# Source material
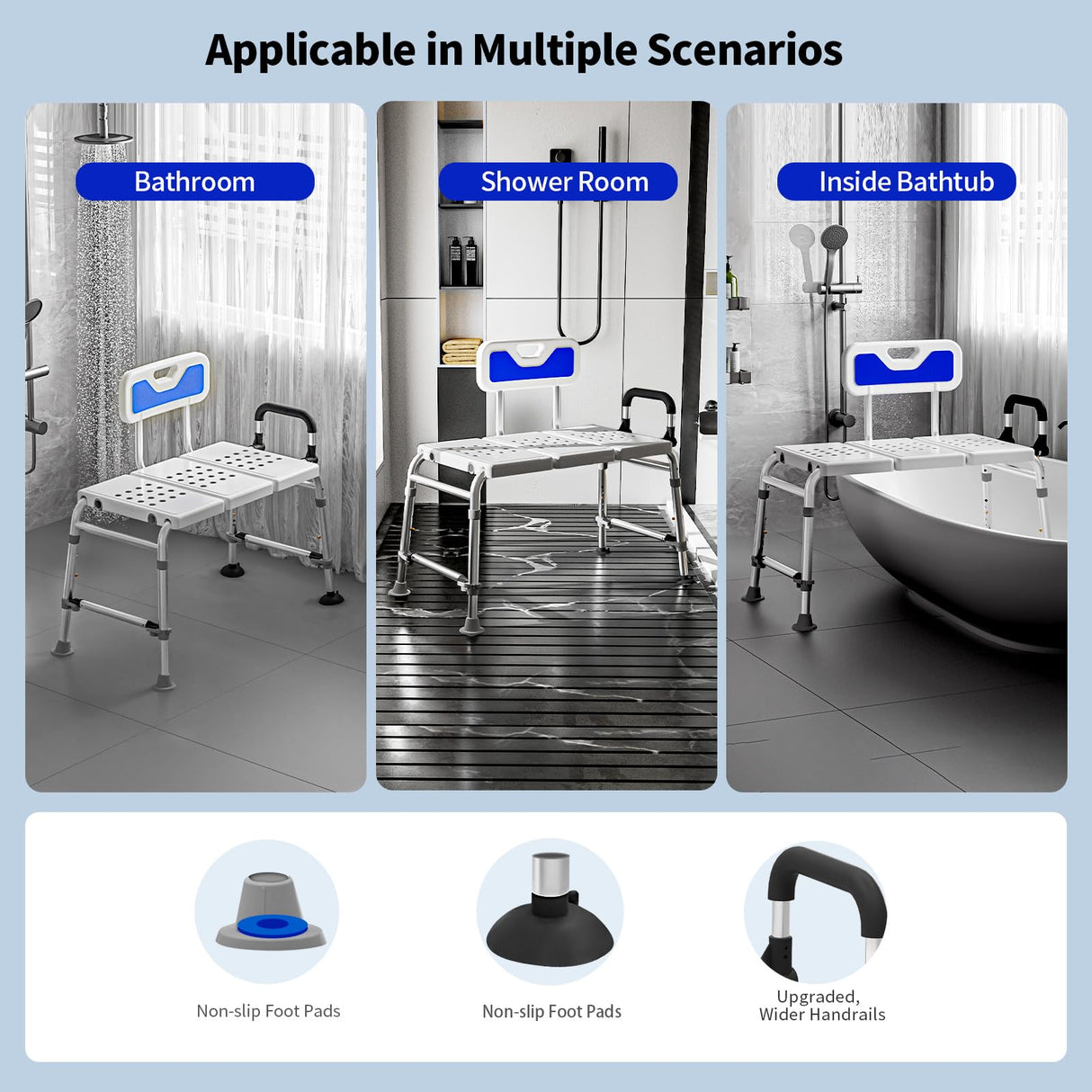 Extended Bath Tub Transfer Shower Bench for Inside Shower Bathtub to Sit On Chair Bathtubs Safety Seating Stool for Adults Handicap Seniors Elderly Disabled with Back Arms Bathroom Shower Stall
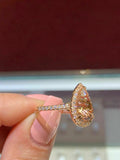 2ct Pear Cut Peach Morganite Gatsby Halo Engagement Ring 14k Rose Gold Finish
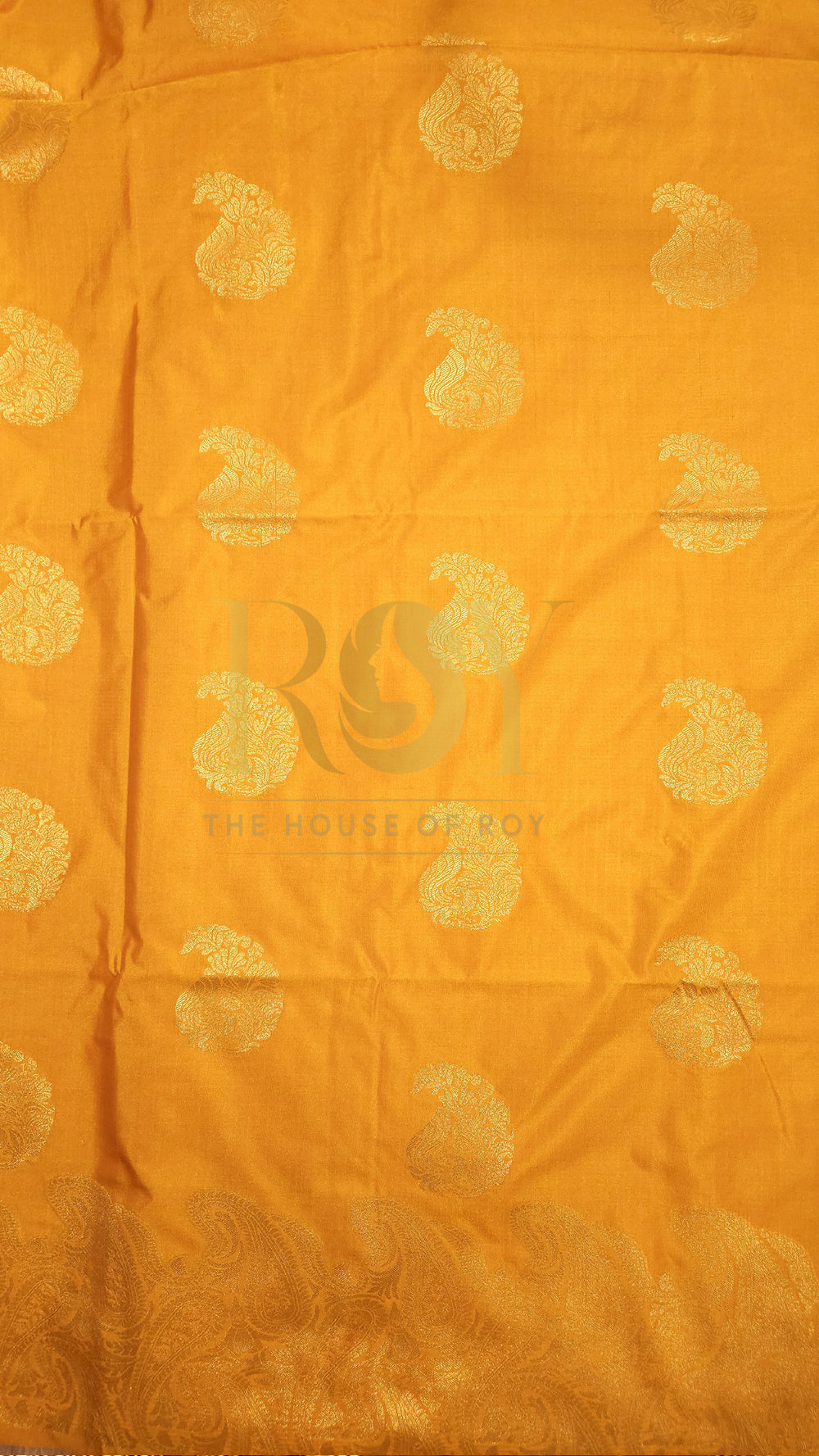 Golden Mustard Fancy Border Soft Silk Saree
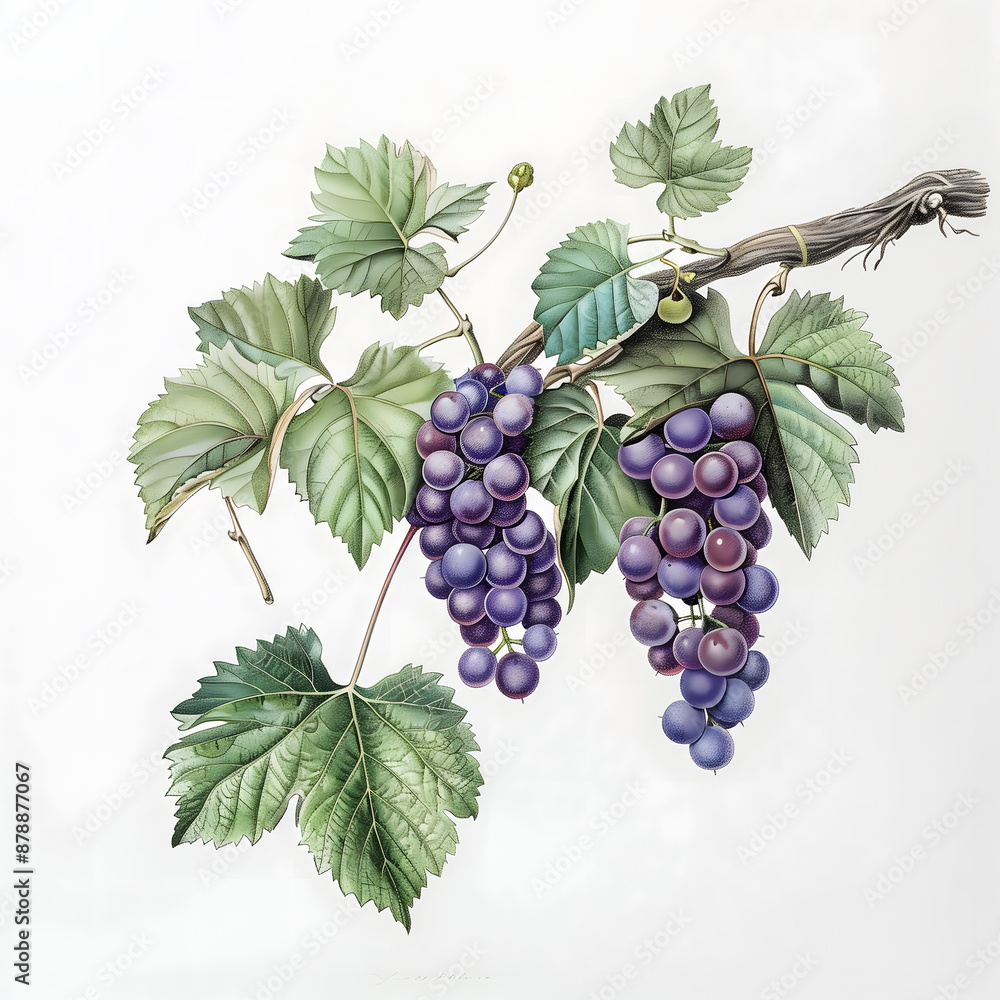 Fototapeta premium Detailed botanical illustration of grape clusters on a vine with leaves.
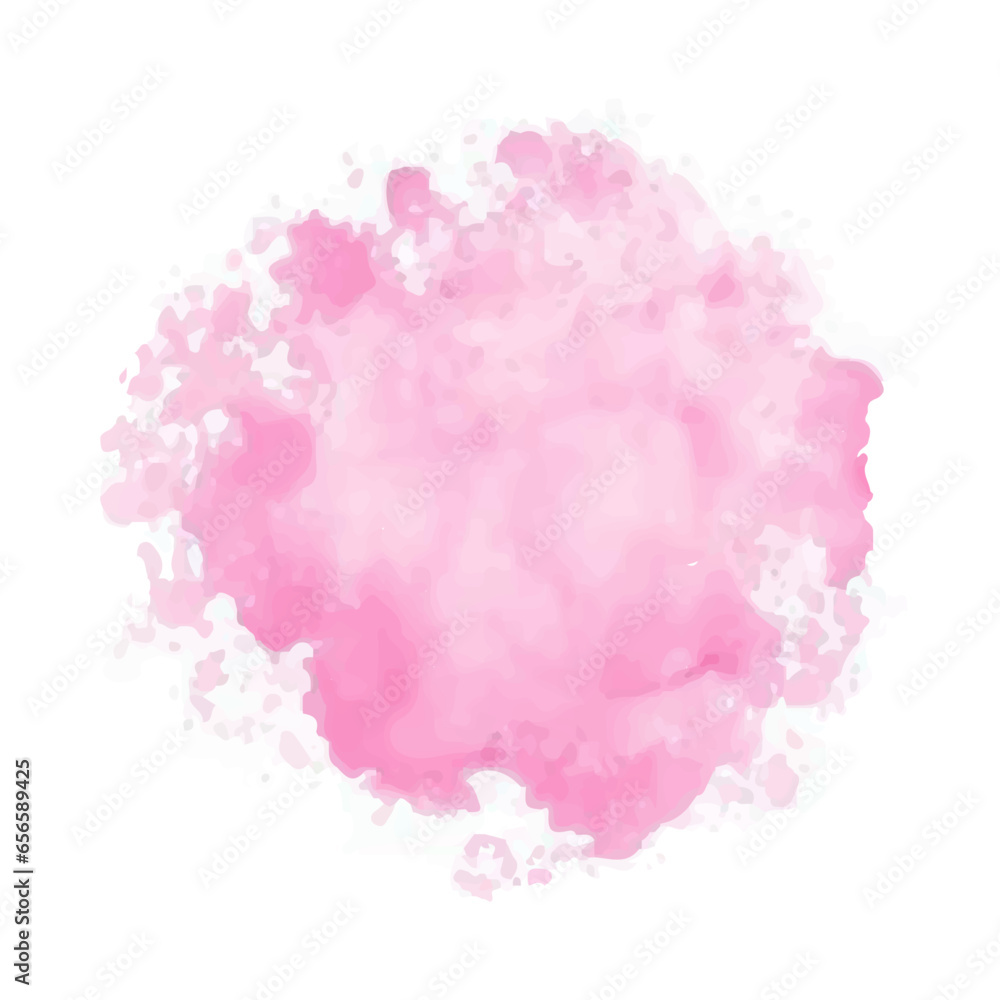 Abstract pink watercolor water splash set on a white background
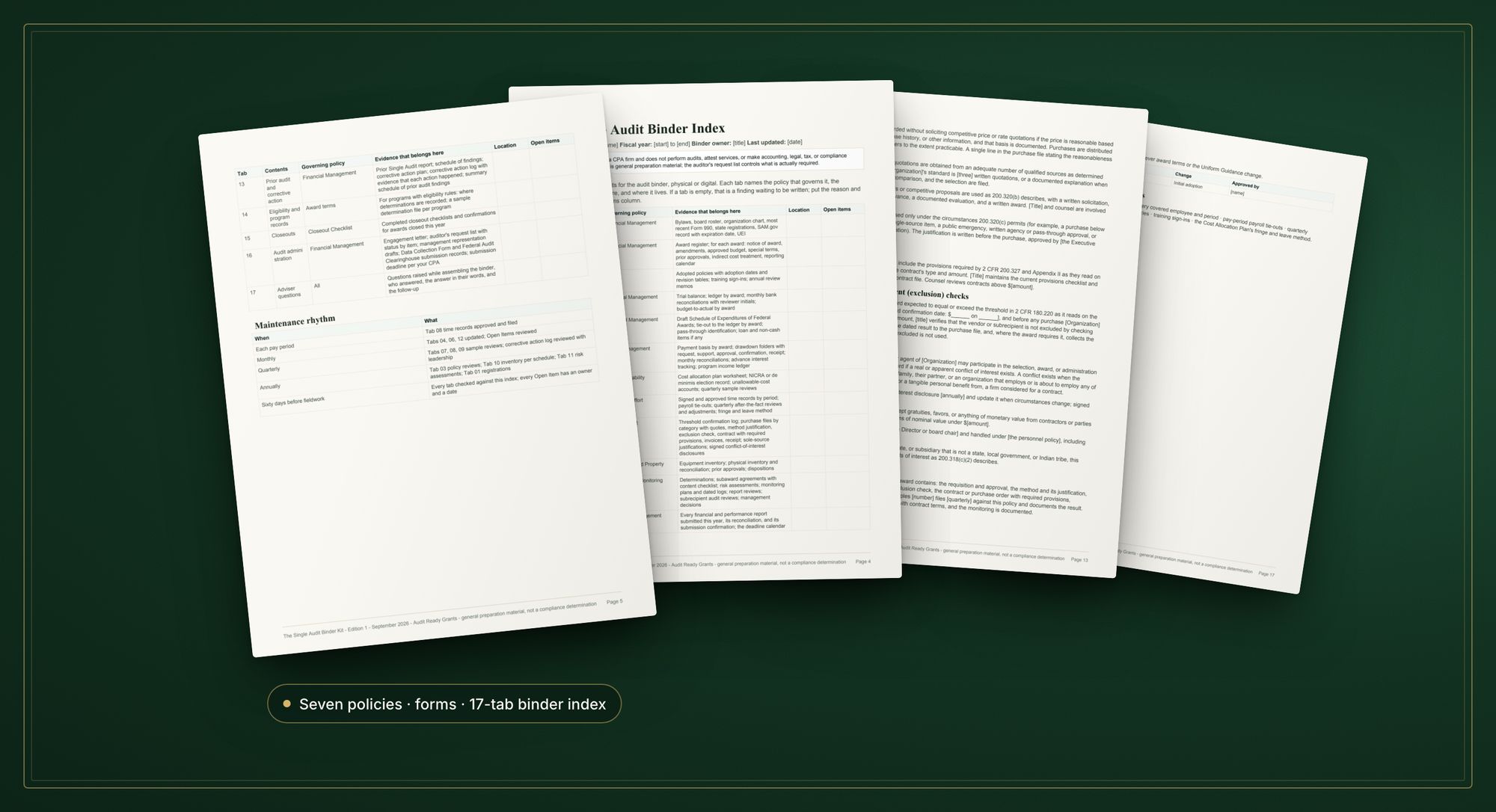 Pages from the Binder Kit: a financial management policy, the binder index, the time-and-effort policy and form.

# Brief
Everything in the records except the pictures should be retyped exactly.

# Task answer
 Extended Bath Tub Transfer Shower Bench for Inside Shower Bathtub to Sit On Chair Bathtubs Safety Seating Stool for Adults Handicap Seniors Elderly Disabled with Back Arms Bathroom Shower Stall
 2ct Pear Cut Peach Morganite Gatsby Halo Engagement Ring 14k Rose Gold Finish
 Golden Mustard Fancy Border Soft Silk Saree
 Fototapeta premium Detailed botanical illustration of grape clusters on a vine with leaves.
 Abstract pink watercolor water splash set on a white background
 Pages from the Binder Kit: a financial management policy, the binder index, the time-and-effort policy and form.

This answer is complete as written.